=== WORK ORDER ===
Every line from the one with "BCIE y Banco" through the end of the entries below should be written out exactly; the pictures should not.

=== EXERCISE MATERIALS ===
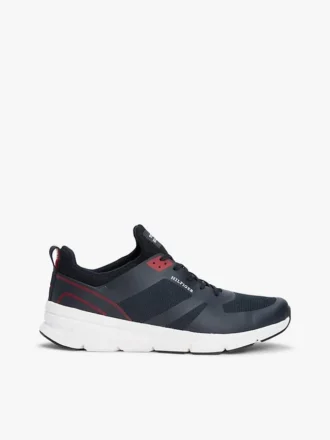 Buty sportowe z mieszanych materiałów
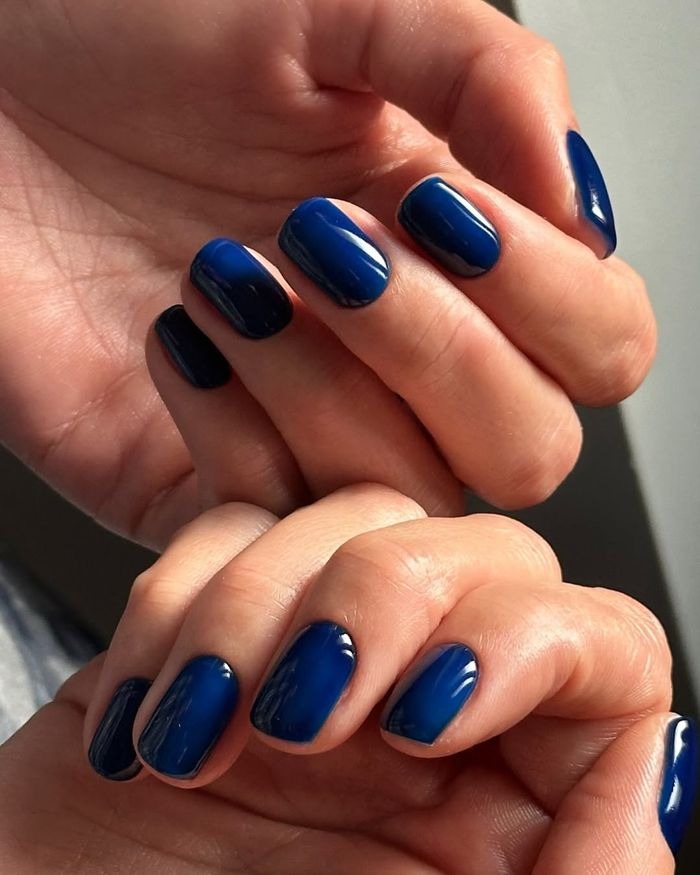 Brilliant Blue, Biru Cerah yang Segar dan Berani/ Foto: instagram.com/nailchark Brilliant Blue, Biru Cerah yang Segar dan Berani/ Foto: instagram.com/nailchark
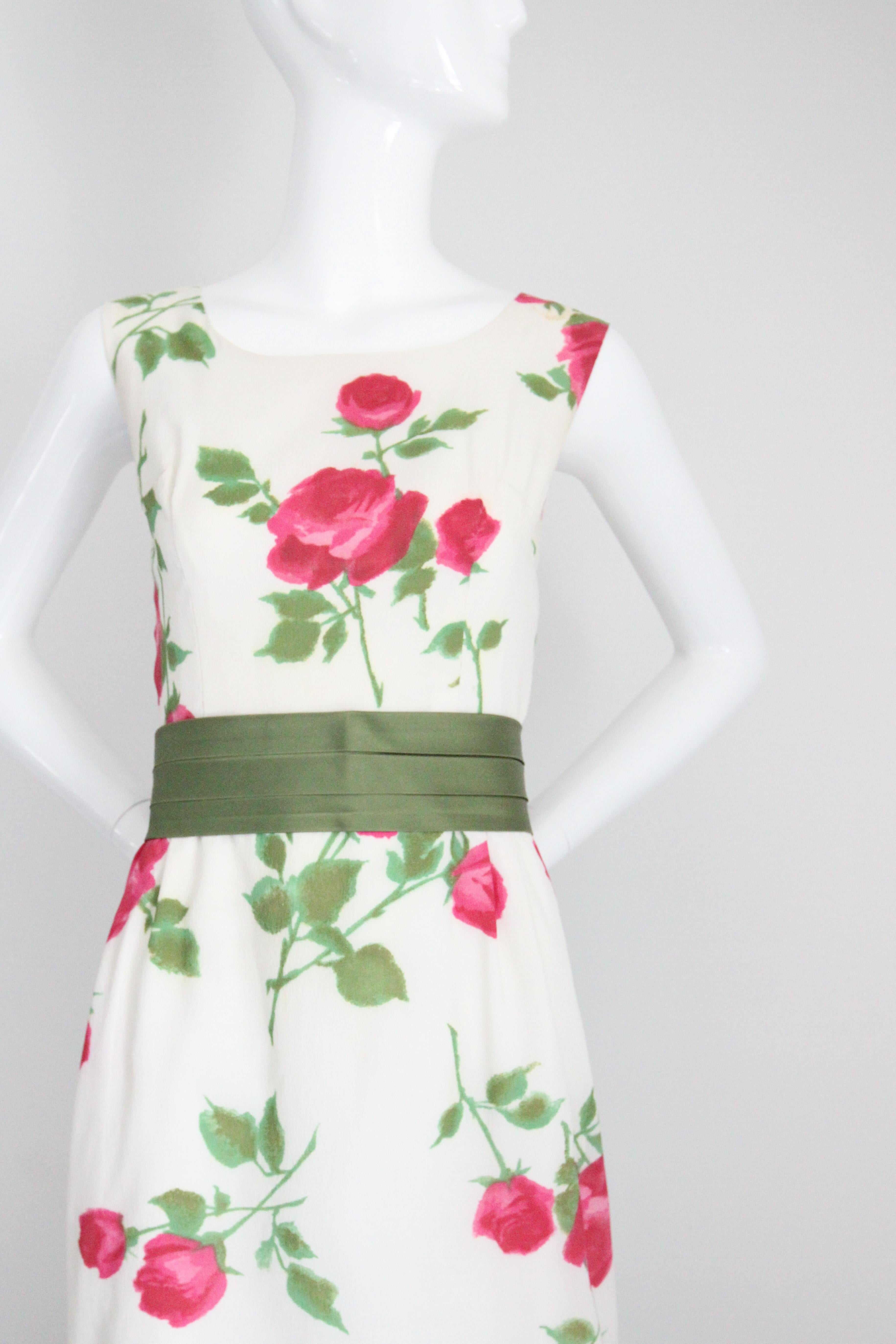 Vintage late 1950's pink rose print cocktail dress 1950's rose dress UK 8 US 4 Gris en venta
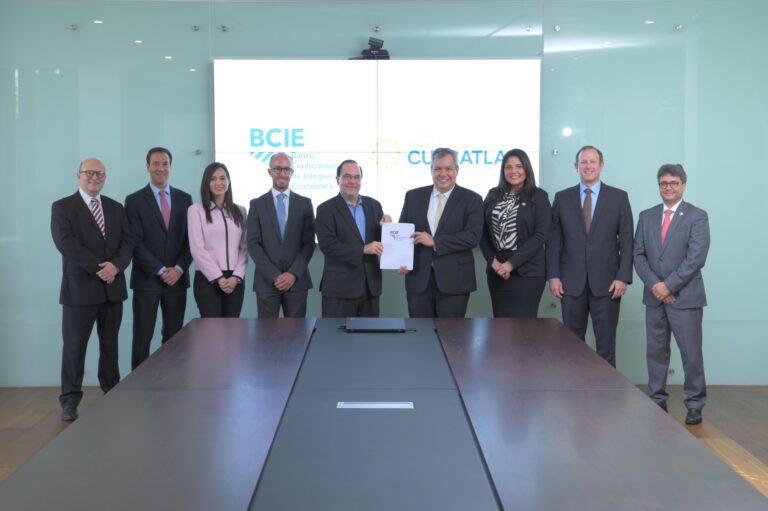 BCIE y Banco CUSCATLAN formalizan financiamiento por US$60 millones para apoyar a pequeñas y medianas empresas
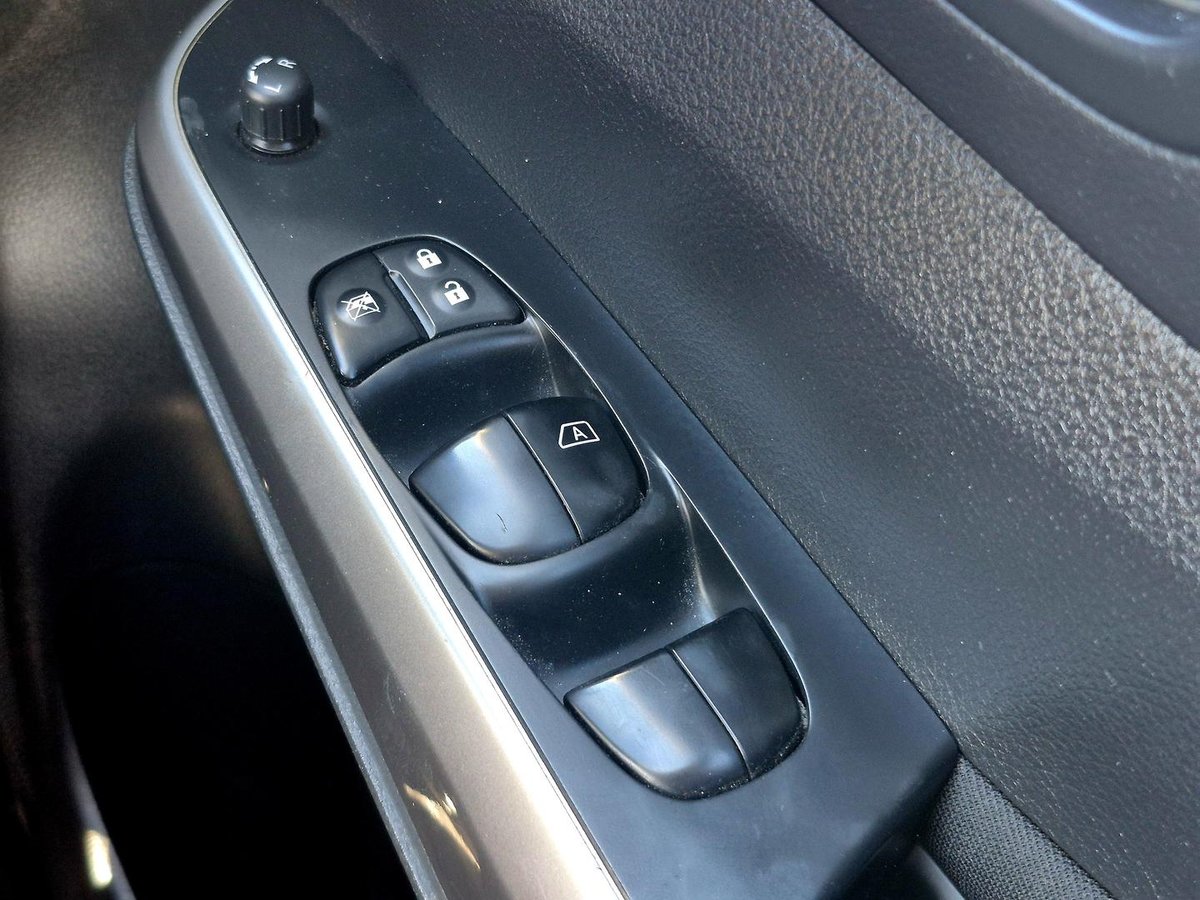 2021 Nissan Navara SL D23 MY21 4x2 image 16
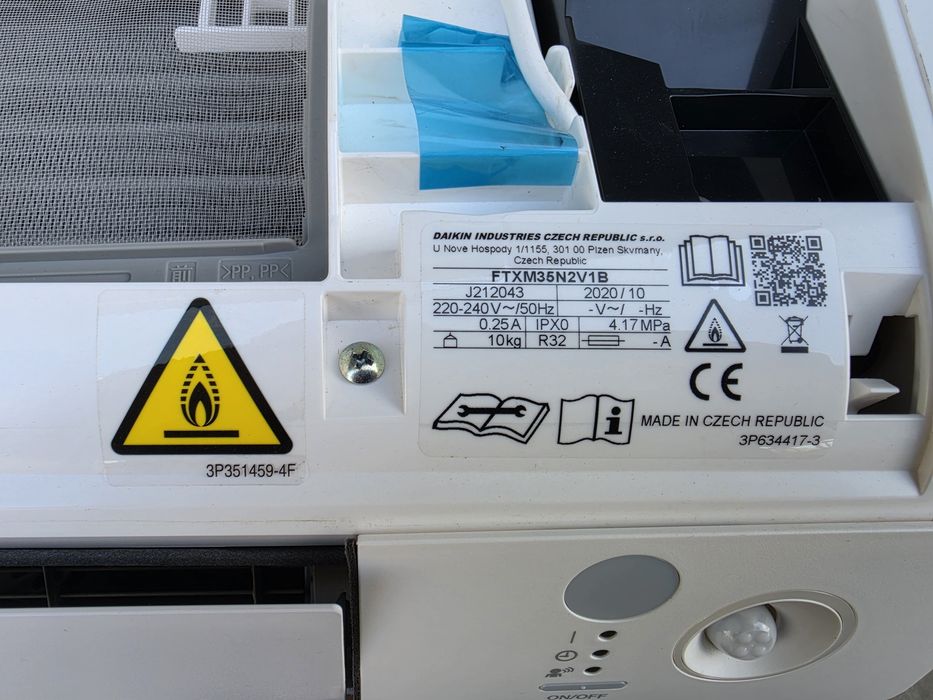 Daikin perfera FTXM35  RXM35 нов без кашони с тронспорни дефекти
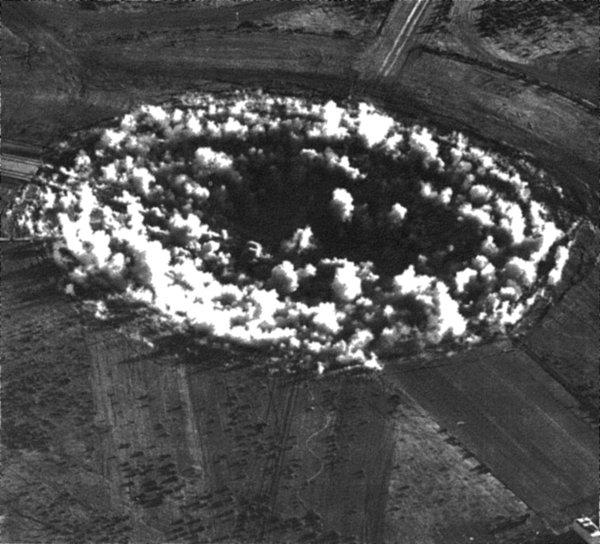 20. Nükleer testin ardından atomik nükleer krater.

=== RESPONSE TO THIS EXERCISE ===
 BCIE y Banco CUSCATLAN formalizan financiamiento por US$60 millones para apoyar a pequeñas y medianas empresas
 2021 Nissan Navara SL D23 MY21 4x2 image 16
 Daikin perfera FTXM35  RXM35 нов без кашони с тронспорни дефекти
 20. Nükleer testin ardından atomik nükleer krater.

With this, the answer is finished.